If you’re investing or analyzing markets, look for companies with toll-like economics. These businesses often have more predictable revenue and stronger long-term positioning.

And if you’re trying to innovate, consider whether you can build a new “airport” layer—especially in industries where one doesn’t clearly exist yet.

[Suggested formatting: This section could be presented as a bullet list for quick readability.]

Seeing Markets Through a New Lens

Conclusion

The idea that “there’s an airport in every industry” reframes how we think about competition and power. It shifts attention from the visible battles between companies to the underlying systems that make those battles possible.

Airport businesses don’t need to win the game—they just need the game to continue. That subtle distinction is what gives them their strength.

Whether it’s Microsoft in enterprise IT, app stores in mobile ecosystems, or payment processors in finance, these layers shape industries in ways that aren’t always obvious at first glance.

So the next time you look at a market, don’t just ask who’s winning.

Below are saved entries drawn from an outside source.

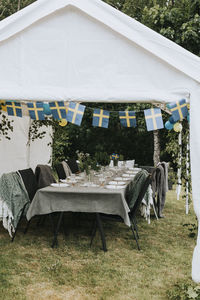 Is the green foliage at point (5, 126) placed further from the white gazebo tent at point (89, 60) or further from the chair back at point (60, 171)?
the white gazebo tent at point (89, 60)

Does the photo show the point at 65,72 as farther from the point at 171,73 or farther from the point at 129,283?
the point at 129,283

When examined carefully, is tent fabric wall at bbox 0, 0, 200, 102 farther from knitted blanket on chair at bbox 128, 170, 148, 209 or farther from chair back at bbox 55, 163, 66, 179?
chair back at bbox 55, 163, 66, 179

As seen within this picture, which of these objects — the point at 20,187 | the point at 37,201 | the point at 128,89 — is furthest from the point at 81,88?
the point at 20,187

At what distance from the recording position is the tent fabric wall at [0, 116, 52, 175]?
20.8ft

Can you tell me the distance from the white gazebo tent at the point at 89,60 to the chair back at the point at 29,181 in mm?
1724

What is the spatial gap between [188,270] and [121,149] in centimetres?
896

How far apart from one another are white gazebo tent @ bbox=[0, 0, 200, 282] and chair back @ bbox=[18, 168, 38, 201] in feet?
5.66

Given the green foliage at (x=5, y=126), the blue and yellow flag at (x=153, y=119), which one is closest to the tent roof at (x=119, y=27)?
the blue and yellow flag at (x=153, y=119)

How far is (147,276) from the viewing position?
352 centimetres

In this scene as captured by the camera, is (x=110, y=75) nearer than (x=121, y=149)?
Yes

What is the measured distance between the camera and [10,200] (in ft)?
14.8

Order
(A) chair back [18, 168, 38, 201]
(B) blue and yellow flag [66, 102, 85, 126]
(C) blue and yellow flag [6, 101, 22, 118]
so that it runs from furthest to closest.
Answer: (A) chair back [18, 168, 38, 201] → (C) blue and yellow flag [6, 101, 22, 118] → (B) blue and yellow flag [66, 102, 85, 126]

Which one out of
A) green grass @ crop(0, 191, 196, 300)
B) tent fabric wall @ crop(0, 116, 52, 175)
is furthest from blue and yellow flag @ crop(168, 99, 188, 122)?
tent fabric wall @ crop(0, 116, 52, 175)

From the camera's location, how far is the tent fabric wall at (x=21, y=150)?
6332mm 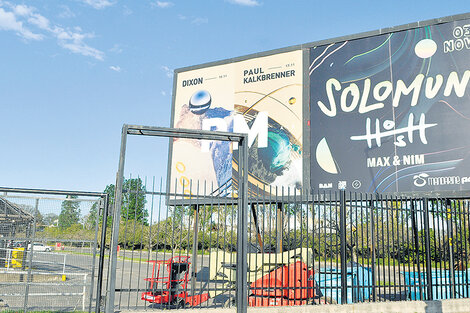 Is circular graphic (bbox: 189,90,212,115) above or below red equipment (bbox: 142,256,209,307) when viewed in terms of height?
above

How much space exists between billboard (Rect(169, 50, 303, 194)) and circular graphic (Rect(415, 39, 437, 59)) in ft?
13.3

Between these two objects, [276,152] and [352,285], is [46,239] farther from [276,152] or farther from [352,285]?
[276,152]

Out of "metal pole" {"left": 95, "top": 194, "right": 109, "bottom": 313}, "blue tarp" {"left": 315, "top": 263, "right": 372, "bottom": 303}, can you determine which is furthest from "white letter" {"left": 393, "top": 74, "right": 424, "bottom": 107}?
"metal pole" {"left": 95, "top": 194, "right": 109, "bottom": 313}

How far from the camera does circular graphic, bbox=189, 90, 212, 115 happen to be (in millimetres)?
17672

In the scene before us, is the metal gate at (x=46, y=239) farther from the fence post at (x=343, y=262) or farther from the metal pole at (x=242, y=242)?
the fence post at (x=343, y=262)

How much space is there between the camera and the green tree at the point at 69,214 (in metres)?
8.93

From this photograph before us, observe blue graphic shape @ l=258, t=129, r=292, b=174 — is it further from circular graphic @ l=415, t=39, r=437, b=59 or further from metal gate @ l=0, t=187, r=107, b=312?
metal gate @ l=0, t=187, r=107, b=312

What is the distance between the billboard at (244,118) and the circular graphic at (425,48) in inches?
160

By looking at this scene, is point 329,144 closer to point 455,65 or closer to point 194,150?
point 455,65

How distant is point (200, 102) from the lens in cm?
1786

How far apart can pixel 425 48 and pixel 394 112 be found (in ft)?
7.56

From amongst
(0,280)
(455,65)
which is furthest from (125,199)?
(455,65)

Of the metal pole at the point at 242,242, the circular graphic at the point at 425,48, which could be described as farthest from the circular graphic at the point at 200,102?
the metal pole at the point at 242,242

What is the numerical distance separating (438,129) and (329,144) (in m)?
3.42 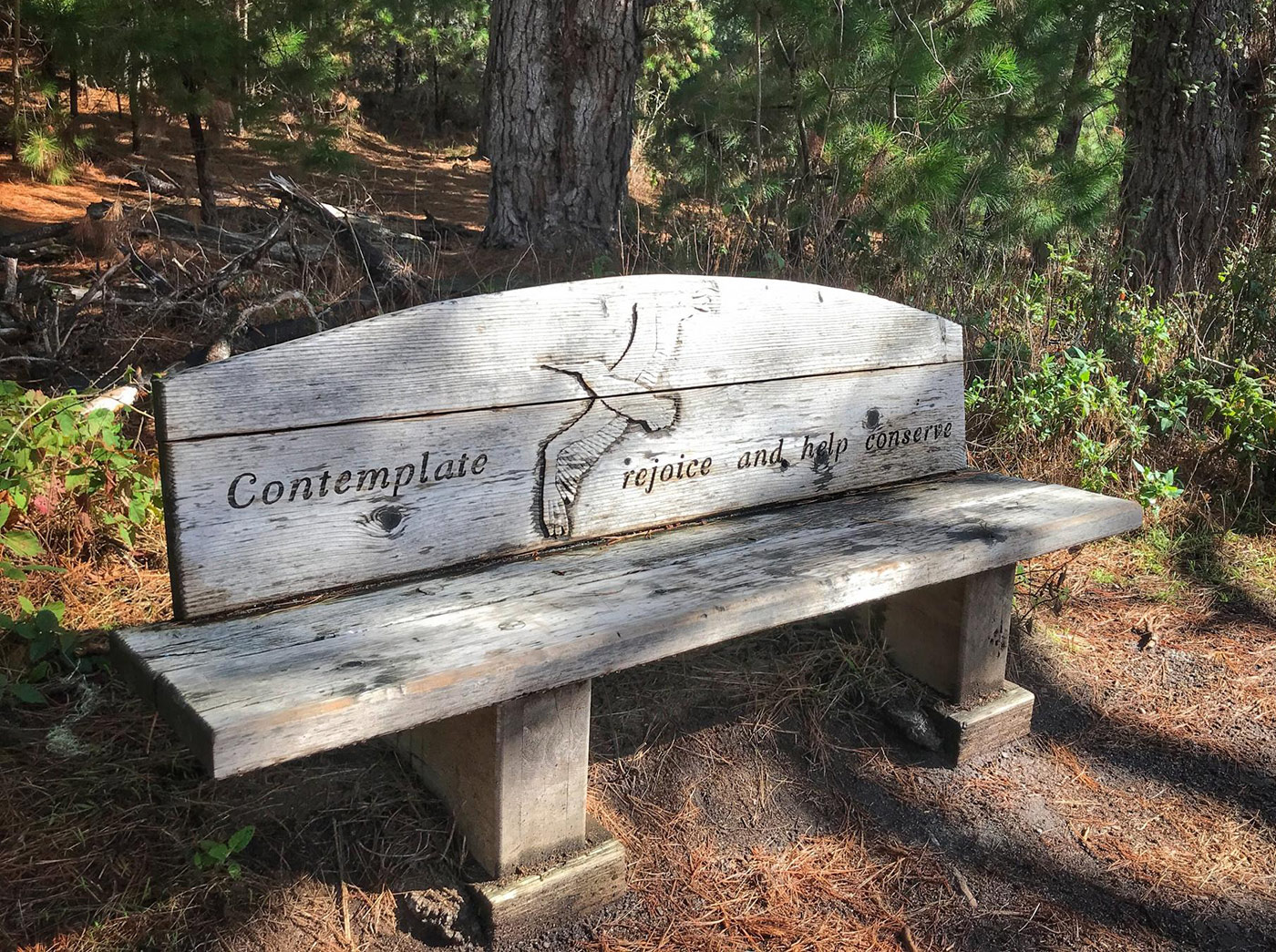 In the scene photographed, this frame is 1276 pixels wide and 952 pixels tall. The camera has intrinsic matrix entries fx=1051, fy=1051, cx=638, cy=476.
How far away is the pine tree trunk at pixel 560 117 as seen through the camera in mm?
5137

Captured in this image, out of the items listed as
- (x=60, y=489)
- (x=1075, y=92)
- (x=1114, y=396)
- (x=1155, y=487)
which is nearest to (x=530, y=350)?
(x=60, y=489)

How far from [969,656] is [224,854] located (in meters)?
1.70

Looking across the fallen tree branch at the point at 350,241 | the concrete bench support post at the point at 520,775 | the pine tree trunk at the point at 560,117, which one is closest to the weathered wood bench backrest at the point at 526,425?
the concrete bench support post at the point at 520,775

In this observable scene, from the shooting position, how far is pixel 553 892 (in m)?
1.90

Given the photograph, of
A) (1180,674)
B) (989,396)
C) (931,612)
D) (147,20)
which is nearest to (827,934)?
→ (931,612)

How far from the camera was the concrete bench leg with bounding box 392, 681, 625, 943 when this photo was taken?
1.83m

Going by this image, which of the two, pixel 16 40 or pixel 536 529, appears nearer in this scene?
pixel 536 529

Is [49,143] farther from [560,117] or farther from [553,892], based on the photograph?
[553,892]

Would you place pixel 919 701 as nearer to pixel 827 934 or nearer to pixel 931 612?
pixel 931 612

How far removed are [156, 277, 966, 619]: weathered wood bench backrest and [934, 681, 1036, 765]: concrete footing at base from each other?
607 millimetres

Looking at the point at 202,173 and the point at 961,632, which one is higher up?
the point at 202,173

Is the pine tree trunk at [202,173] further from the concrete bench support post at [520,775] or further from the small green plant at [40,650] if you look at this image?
the concrete bench support post at [520,775]

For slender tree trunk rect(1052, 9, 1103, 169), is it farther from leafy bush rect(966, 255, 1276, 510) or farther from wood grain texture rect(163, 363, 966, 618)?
wood grain texture rect(163, 363, 966, 618)

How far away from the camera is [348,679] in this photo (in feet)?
4.96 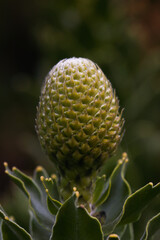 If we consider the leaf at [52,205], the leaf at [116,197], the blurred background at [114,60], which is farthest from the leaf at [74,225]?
the blurred background at [114,60]

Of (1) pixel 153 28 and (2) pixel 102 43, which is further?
(1) pixel 153 28

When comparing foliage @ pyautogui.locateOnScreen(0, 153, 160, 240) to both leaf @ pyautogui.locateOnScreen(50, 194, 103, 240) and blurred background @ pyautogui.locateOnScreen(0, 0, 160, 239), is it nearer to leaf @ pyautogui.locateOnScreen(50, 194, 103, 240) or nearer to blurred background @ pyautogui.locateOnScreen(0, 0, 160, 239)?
leaf @ pyautogui.locateOnScreen(50, 194, 103, 240)

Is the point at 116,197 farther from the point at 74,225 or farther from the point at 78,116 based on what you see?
the point at 78,116

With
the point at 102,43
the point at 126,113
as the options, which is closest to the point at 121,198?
the point at 126,113

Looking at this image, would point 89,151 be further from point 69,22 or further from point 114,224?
point 69,22

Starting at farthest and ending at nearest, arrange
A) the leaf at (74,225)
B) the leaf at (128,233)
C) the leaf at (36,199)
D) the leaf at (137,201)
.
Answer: the leaf at (128,233) → the leaf at (36,199) → the leaf at (137,201) → the leaf at (74,225)

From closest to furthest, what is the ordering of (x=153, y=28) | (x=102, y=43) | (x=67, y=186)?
(x=67, y=186) → (x=102, y=43) → (x=153, y=28)

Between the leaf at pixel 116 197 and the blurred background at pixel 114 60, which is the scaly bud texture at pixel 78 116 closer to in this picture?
the leaf at pixel 116 197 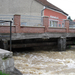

Ask who’s collecting.

Because chances are, that’s where the real power sits.

References and Further Reading

To explore this concept further, consider looking into platform economics and network effects. Books like “Platform Revolution” by Geoffrey Parker, Marshall Van Alstyne, and Sangeet Paul Choudary offer deeper insights into how these systems operate.

You can also explore case studies on companies like Amazon, Apple, Microsoft, and Visa to see how airport-like dynamics play out in real-world scenarios.

Industry reports from McKinsey, Harvard Business Review, and a16z often analyze platform businesses and their long-term impact on markets.